The hall resounded to the phrase “Quasi veteri more Anglicano,” according to the old English custom. Two best beasts, not the traditional one, had been taken by the lord for heriot, death duty. Sir Richard had denied access to common land. Armed men had been levied for more than sixty days for the Scottish wars. And so it went on: Sir Richard’s aggrieved bonded men came from the Welsh Marches, from his lands in Surrey and Kent. Occasionally men spoke well of their lord, especially those who had fought by his side, but complimentary words were silenced by the bishop’s lawyers. Sir Richard’s own learned advocates, sniffing the changes in the political climate, fell silent too.

Two hundred men, knights and nobles, filled the smoky hall; no woman spoke to the court until Christine was led in. The prosecution thundered that the lord’s right of prima nocte was not acceptable in the settled lands of England, although it was admitted that it was not uncommon in the conquered parts of the Celtic territories.

Christine was asked to stand before the high table, with the bishop’s chief lawyer by her side. He read out a brief description of who she was and whence she came.

The judge in the centre of the high table spoke first, although Christine could not understand his curious Latinised French. In English she said, “My lord, I do not comprehend your words for I am unlearned in such affairs.”

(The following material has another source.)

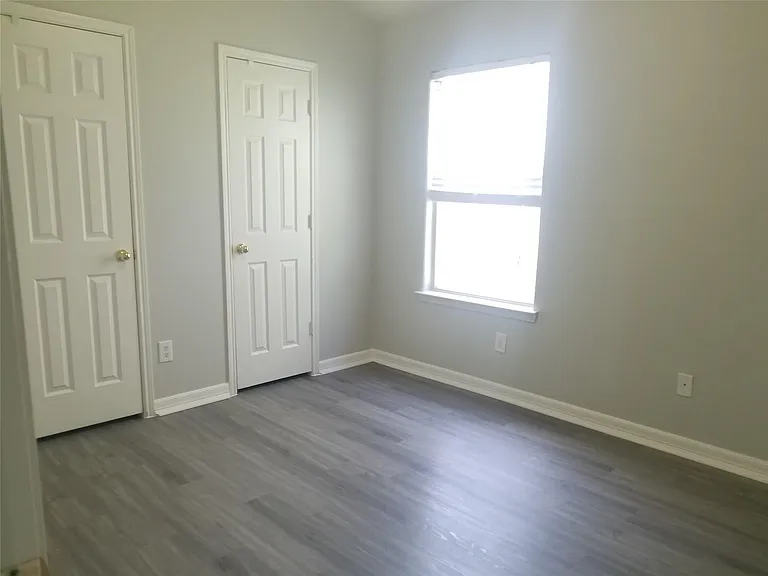 3538 Junction Bend Ln — Photo 35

The bishop’s man translated into English, “Summarise your indictment against Sir Richard.”

Christine had been told to be as brief as possible, and not to speak further unless the judges asked her to say more, which was not likely, they said.

So far Christine had not looked at Sir Richard, whom she had always remembered in his fine linen and purple tunic. Above all she recalled his jewelled dagger. This day he was dressed in a simple black robe, with no adornments. His feet were chained together, his face was dirty, and his beard bedraggled. He had aged ten years in the two since last she saw him. Although her enclosure had honed her hatred, the period of intense devotions permitted some pity to enter her soul.

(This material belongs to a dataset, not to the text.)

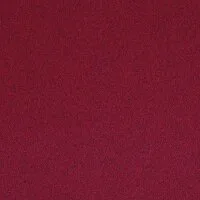 Fenno FN0201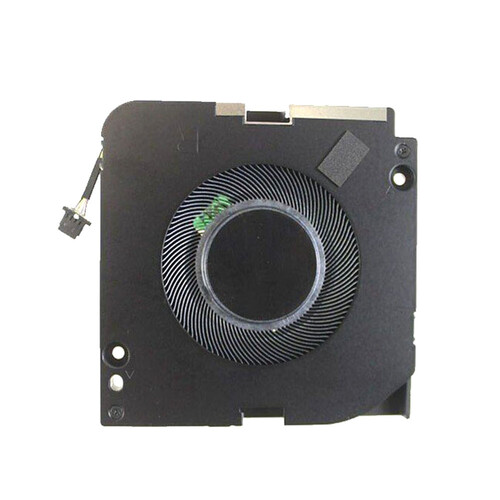 Dell 3FCRK CPU Cooling Fan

She recited the lines the bishop had instructed. “I swear to God and King that I verily speak unto ye this day.” She spoke quietly and nervously. “I am Christine of Shere, the daughter of William, also of Shere. I confirm the times the deposition states regarding Sir Richard’s offences against my person and against my sister Margaret, now deceased. I confirm that Sir Richard…” She stopped staring at the floor and looked into her tormentor’s face. The words died in her mouth.

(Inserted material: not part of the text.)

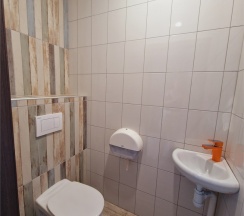 Общий №9 в Elhostel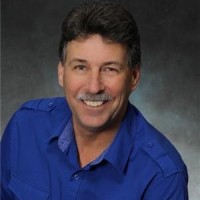 Peter Vissers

The bishop’s lawyer poked her with his finger. “Proceed,” he said.

Christine continued: “He did…he did violate my chastity, by cruel force, and with no volition on my part. I had been betrothed to Simon, a tailor of Shere. In shame thereafter I did confess and was sworn by holy vows as an anchoress of St. James’s church. There was I bound by my vows for life until-I beg the holy Mother Church for forgiveness-I did break these vows. I did this to aid my sister who had been made victim of Sir Richard’s cruel lust for the months she had worked as scullery maid in Vachery Manor, the seat of Sir Richard. She was chaste until she was by Sir Richard employed. He and his son did by brute force violate my sister, and then she was with child-from their seed. She died in childbirth, and is now buried these three weeks past in Peaslake.”

She stopped and coughed a little as the bishop’s lawyer glared at her. “My father, William of Shere, did protest to Sir Richard,” she went on, hesitantly, “but was dismissed from his presence with threats. My father has no debts to his lord, and has honoured all the tallages and obligations. Sir Richard has brought shame on our house, humble though it be. He has scorned our local customs as well as laws of king and Mother Church.”

She spoke quietly and nervously, but she had delivered all that she had rehearsed. Nor had she lied, although she accepted that the bishop’s lawyers could tutor her in words more befitting the court.

The judge did not question her, but spoke in French to the bishop’s lawyer, saying, “You will translate this statement, taken in Latin, by our scribe, and this Christine of Shere will sign that it is a true account of her words sworn in this Court of Pleas.”

The bishop’s lawyer caught the sleeve of Christine’s robe to indicate that she must leave. As she turned, she looked back at Sir Richard. She expected to see the fire of anger in his eyes, but instead they were dull; like his face, they showed no emotion. She wondered whether torture had broken his spirit.

The abbess took her back to the convent in her carriage. She did not at first converse with Christine, who knew not to speak unless addressed by her superior. Christine felt a cold emptiness in her heart. There was no joy, but she had had her moment of justice.

Eventually the Abbess Euphemia spoke, and with tenderness: “Christine, you acted bravely and well. The bishop has granted you to stay with us until the trial is complete. You may be taken before a bishop’s court to be examined, to restore your vows if you are shriven well and are truly penitent. The bishop, I trust, will look with kindness on you. The King’s Assizes, I know, will restore the lands belonging to the Church. And you have acted to the bishop’s will.”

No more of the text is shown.